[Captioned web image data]
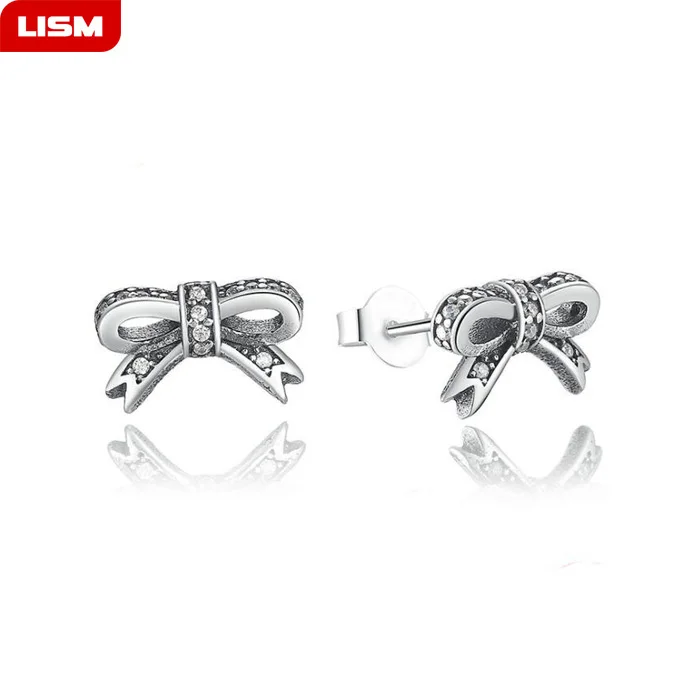 Luxury Crystal Earrings 925 Sterling Silver BowKnot Flower Stud Earrings for Women Brincos Bijoux Wedding Jewelry
Luxury Crystal Earrings 925 Sterling Silver BowKnot Flower Stud Earrings for Women Brincos Bijoux Wedding Jewelry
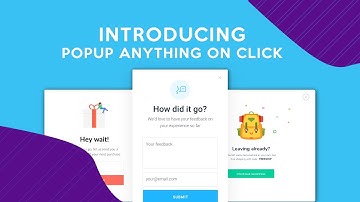 Introductory Featured Video on ‘Popup Anything on Click’.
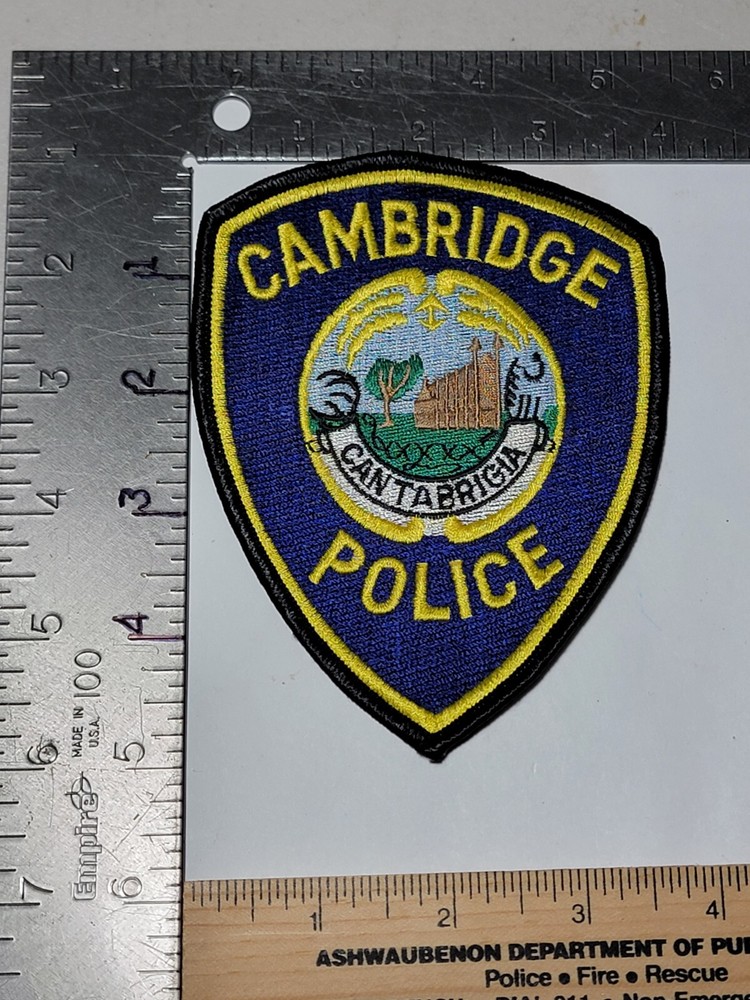 LE6 Police patch Massachusetts Cambridge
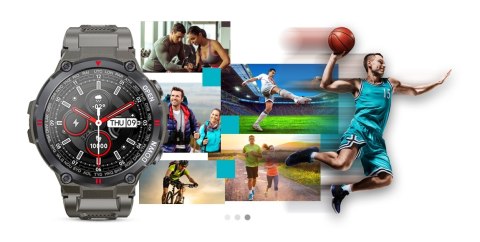 Smartwatch GIEWONT Szary GW430-2 Giewont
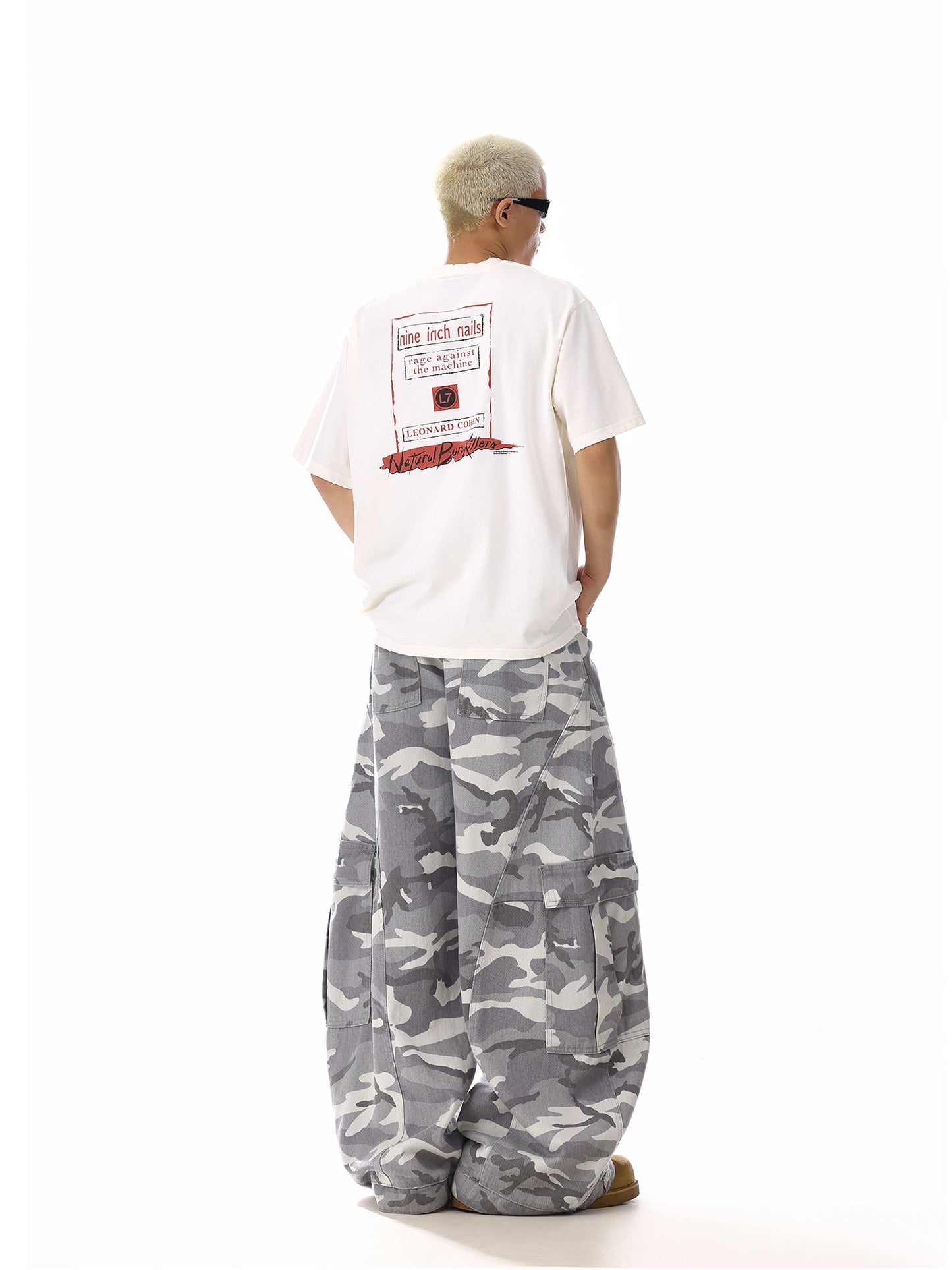 White Camoflage Cargo Denim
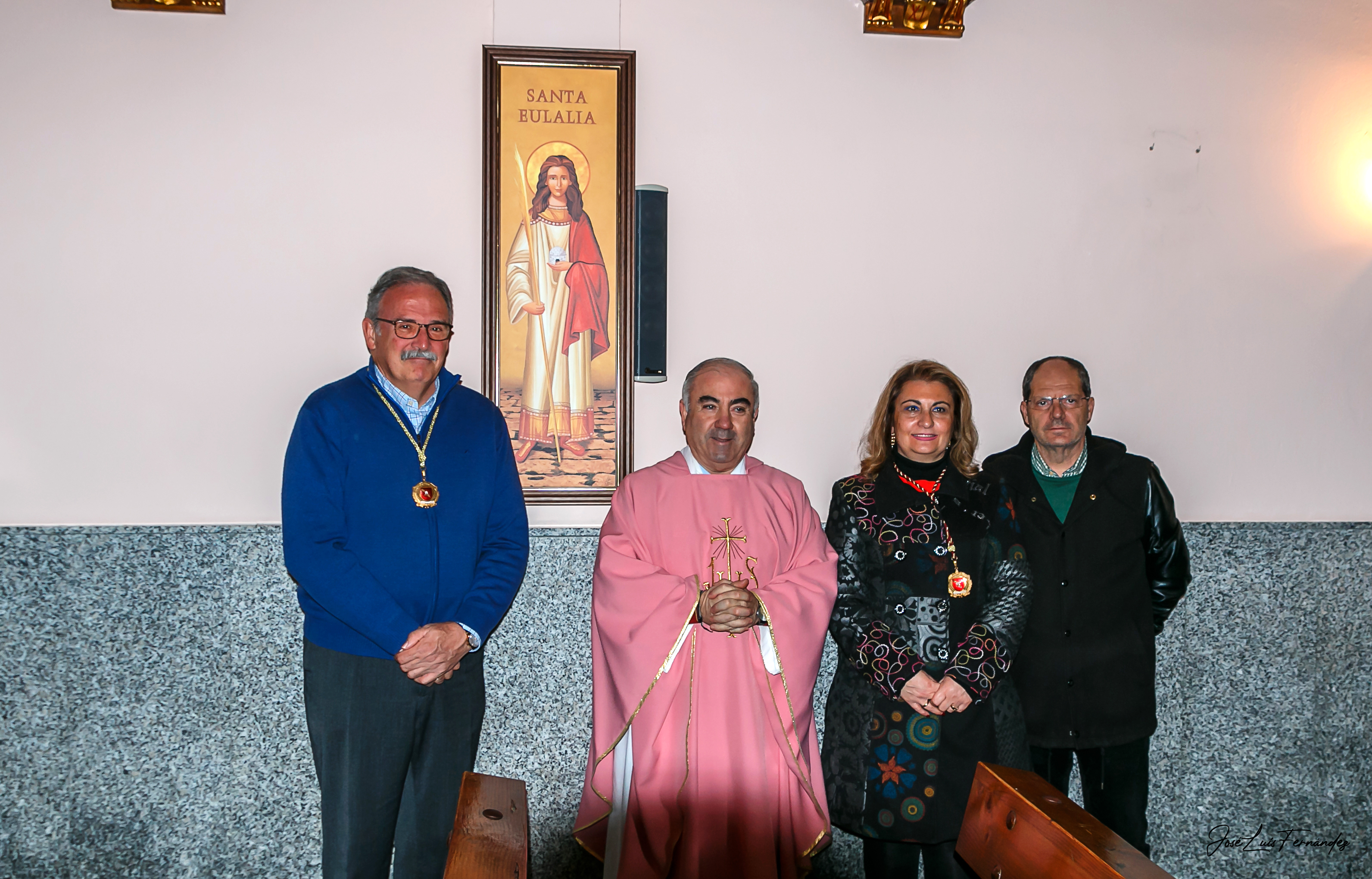 El icono de Santa Eulalia ya está en San Juan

▶ **PROBLEM TO SOLVE**:
Your copy should consist only of the lines from the one containing "White Camoflage Cargo Denim" through the last line of the entries above, reproduced exactly, without pictures.

▶ **SOLVED EXERCISE**:
 White Camoflage Cargo Denim
 El icono de Santa Eulalia ya está en San Juan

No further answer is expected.